エリートと凡人の二項対立は、相互の敵対意識を以って、より顕在化される。


エリート諸賢(実際にエリートでなくとも、エリート意識を持つ人種も含む)は、低学歴、或いは、有名大手企業ではない中小企業に勤務する人種(つまり彼らの定義するところの凡人)を見下し、彼らの人間的価値すらも否定する傾向にある。彼らの価値基準は、主たる社会的価値軸にきっちり沿うように形成され、私はそんな彼らを「俗物」であると考える。


一方の、凡人諸賢は、彼らに対して劣等感を覚えているふしはあるだろうが、社会的価値軸でしか人間を判断できない彼らを見下している。「肩書きにすがって生きてゆくことしかできない」と、エリート諸賢のある種、即物的な側面に人間らしさが無いと非難を浴びせる。私はそんな彼らを「ルサンチマン」であると考える。


エリート諸賢、凡人諸賢は互いに互いを見下し、どちらも己が「価値ある存在」として自認しているふしがある。


エリート諸賢は、自覚的/無自覚的にしろエリートになろうと志向し、そこに辿り着く為の努力をし、それを体現している訳であるから、その点においては一定の評価をしなければならないだろう。その努力を度外視して、不具者である凡人諸賢が「肩書きにすがってしか生きていけない。人間性が欠如している。」と批判するのは、お門違いも甚だしい、まさに凡俗なる馬鹿のみが成し得る所業である。


凡人諸賢が、金科玉条として掲げる「人間性、個性」といった曖昧模糊とした概念は、果たして真に価値あるものだろうか?私の暫定的な個人的見解は、エリート諸賢が有する差別的レッテルによって、そこからこぼれ落ちた、価値ある人間性をすくいあげることが困難になっていることは間違いない、ということだ。簡単に言えば、エリート諸賢は極めて視野狭窄であり、豊饒な世界を見ようとせず、己の自尊が満たされる世界観、価値観でしか、世界を見ることが出来ない、概してつまらない人種である。

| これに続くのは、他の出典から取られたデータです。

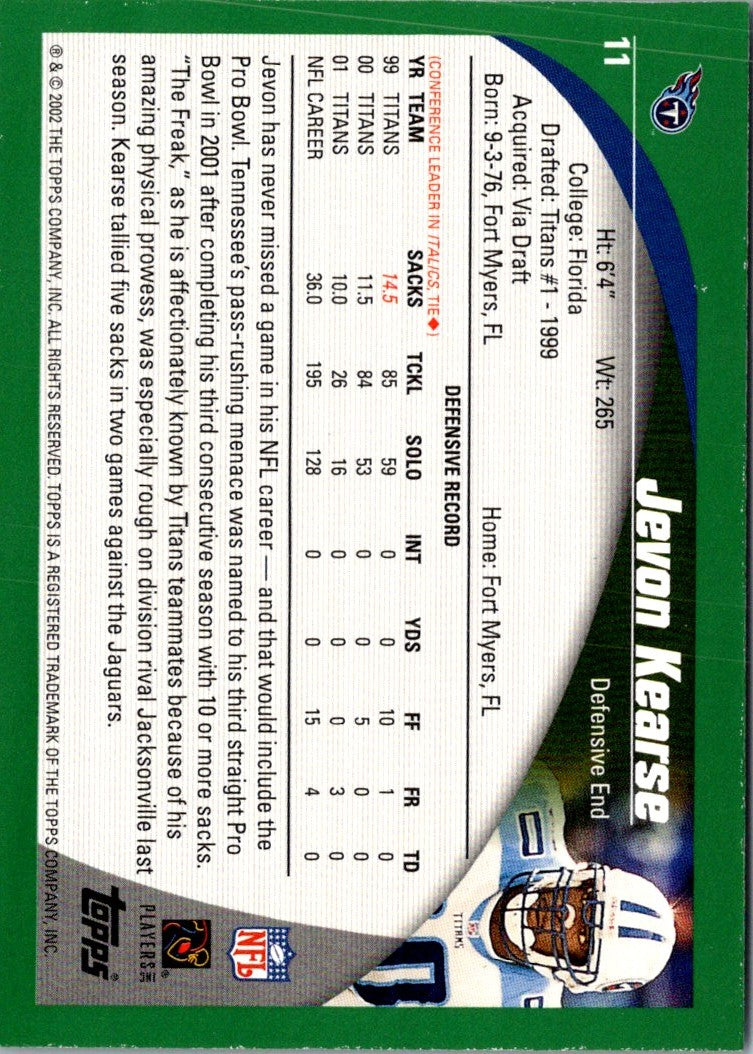 2002 Topps MVP Promotion Jevon Kearse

しかし、と私はここで一考する。その曖昧模糊とした「人間性、個性」を声高に唱える凡人は、往々にしてそれすらも有していない。この時、四つの場合分けが可能になる。つまり、


(1)エリートかつ人間性を有する人間

(2)エリートではあるが人間性が無い人間(俗物)

(3)エリートではないが人間性のある人間

(4)エリートでもなく人間性もない人間(ルサンチマン


この四種である。(1)の人種は、社会的価値を有しながら個人的価値を有し、豊饒な世界を見ることが可能であろう。(2)の人種は、社会的価値観が支配する領域おいて、その自尊を満たし、豊饒な世界を知ろうともしないだろう。(3)の人種は、社会的価値に支配された(2)の人種に劣等と侮蔑を感じながら、自らの人間性を信じて生きてゆくだろう。(4)の人種は、エリートを見下し、自らのありもしない人間性を声高に叫び、悦に入るであろう。

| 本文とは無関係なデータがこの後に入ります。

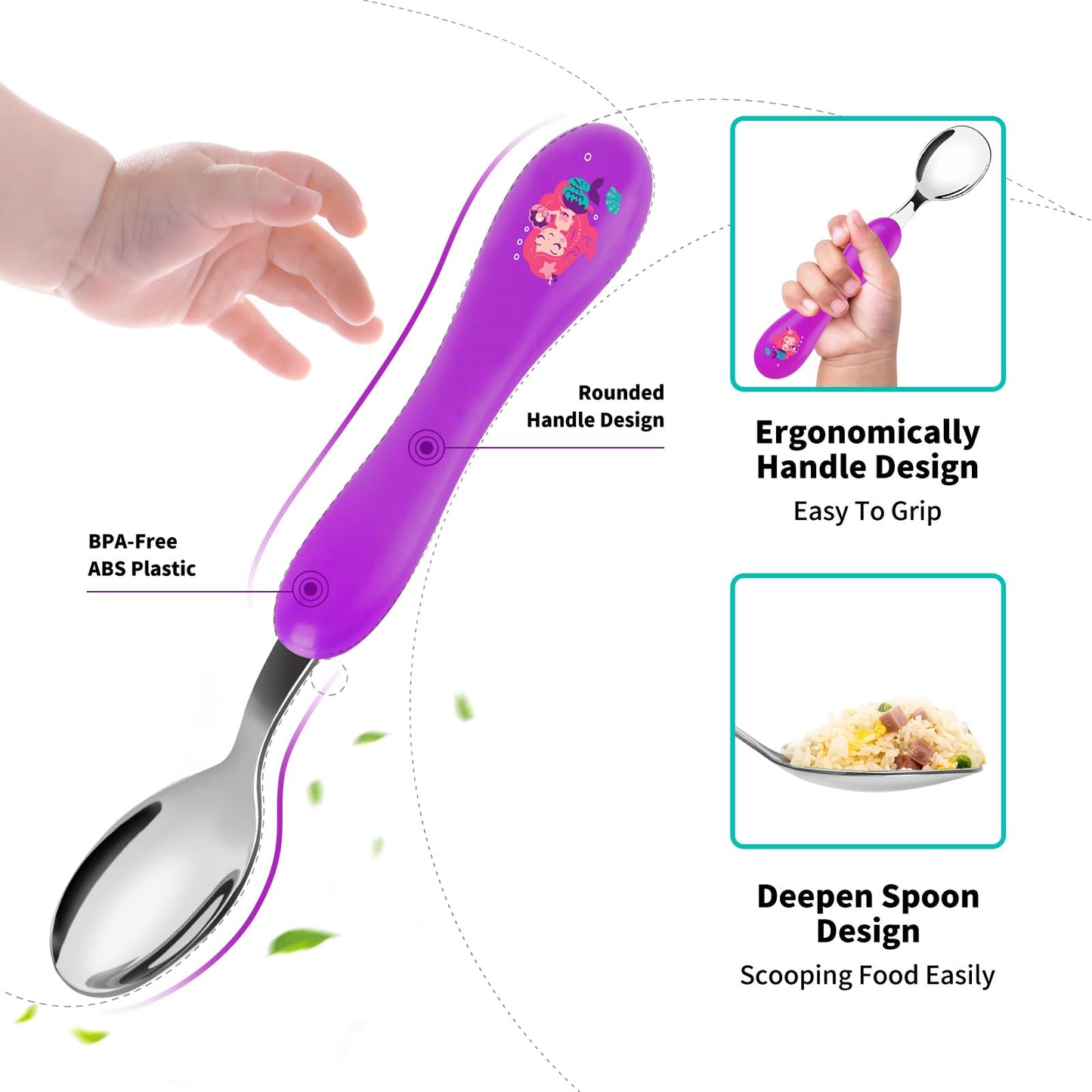 Lehoo Castle Kids Utensils, 6pcs Silverware Set, Safe Stainless Steel Toddler Fork and Spoon, Includes 3 Spoons and 3 Forks (Pink)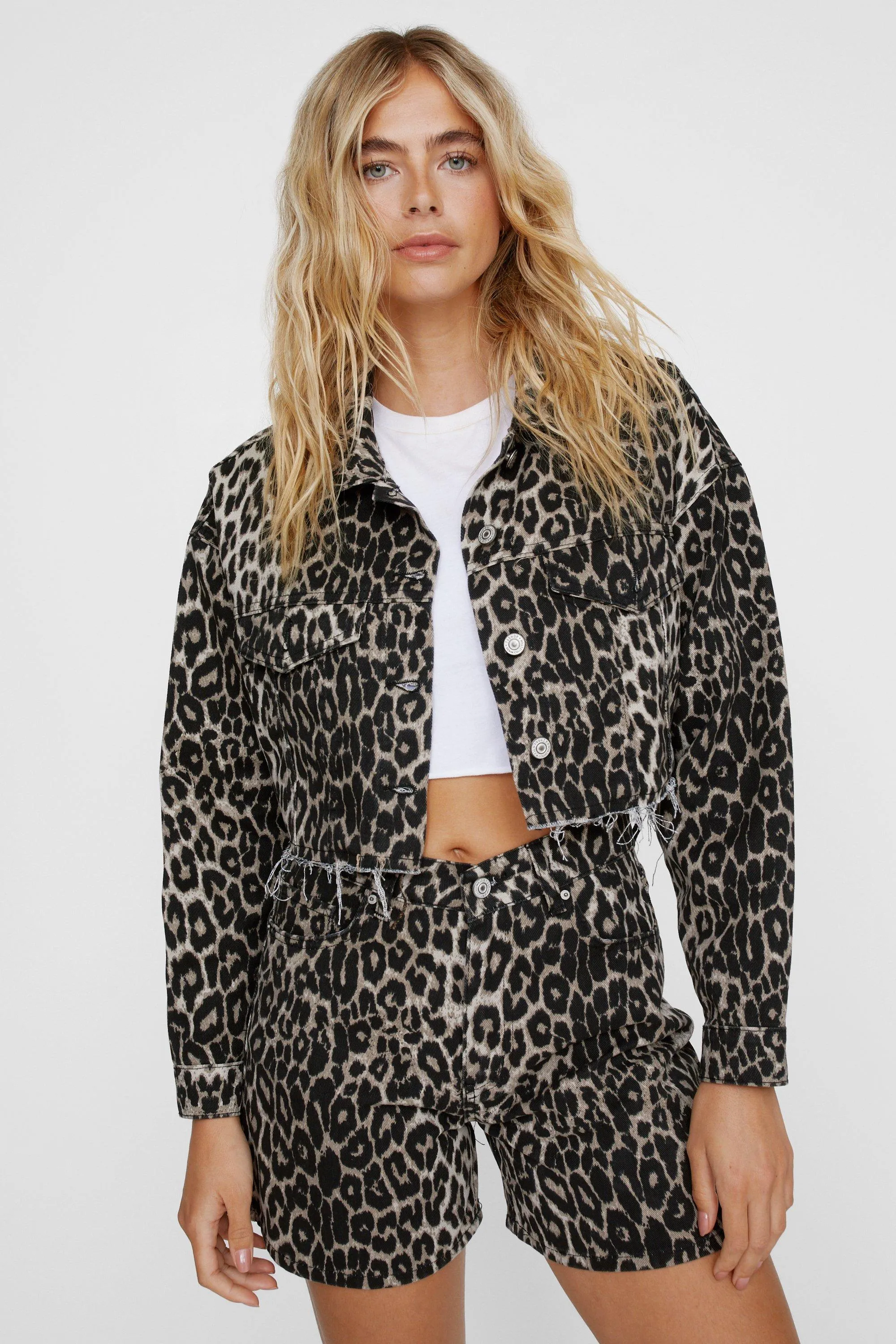 Jackets & Coats | Animal Printed Cropped Denim Jacket | NastyGal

蛇足ではあるが、番外的に登場するのが、「エリートではないのに自らをエリートだと思っている勘違い馬鹿」である。こういった人種は、エリートからは嘲笑され、自らは凡人を嘲笑し、塵芥(ちりあくた)の自尊を満たし(たつもりになり)、凡人からは「お前、こっちサイドだろ」と憐憫の念を抱かれる。この価値軸は、謙虚の両極に位置する高慢と卑屈の問題であり、話の種類が変わってくるが、私はそんな彼らをサブキャラと名付けているのである。